### Exercise requirements
Return nothing but the lines from the one with "Painting--Watercolor-ImpressionismWatercolor #13" through the one with "Townsteel XME-2000 Profile" in the data below, word for word and without pictures.

### Records shown
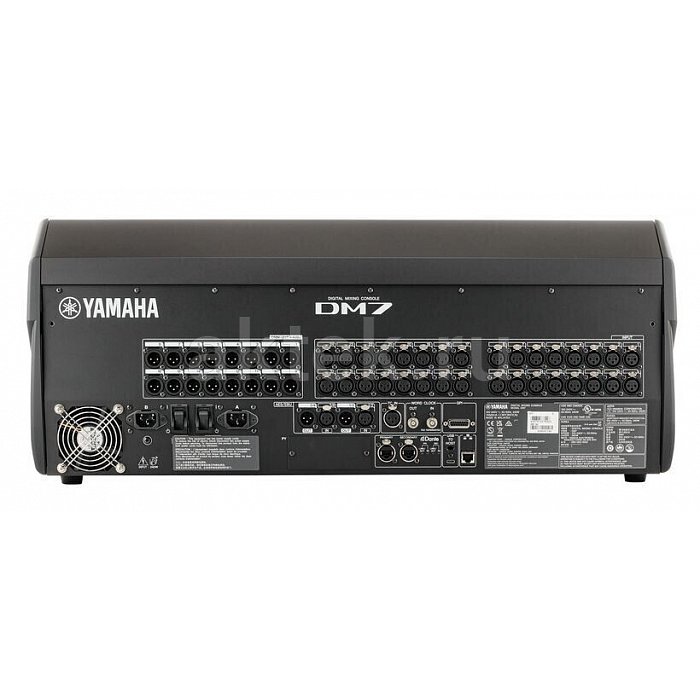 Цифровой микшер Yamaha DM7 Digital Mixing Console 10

...

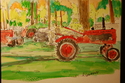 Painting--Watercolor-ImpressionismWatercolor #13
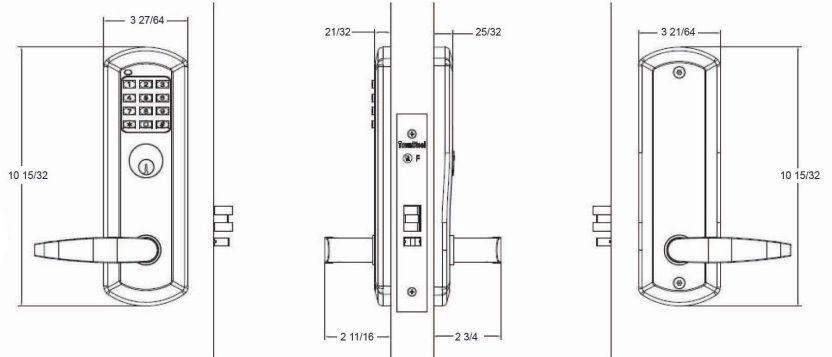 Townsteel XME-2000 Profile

* * *

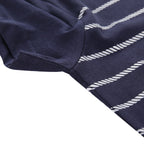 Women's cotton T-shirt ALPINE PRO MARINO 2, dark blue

### Solution for this problem
 Painting--Watercolor-ImpressionismWatercolor #13
 Townsteel XME-2000 Profile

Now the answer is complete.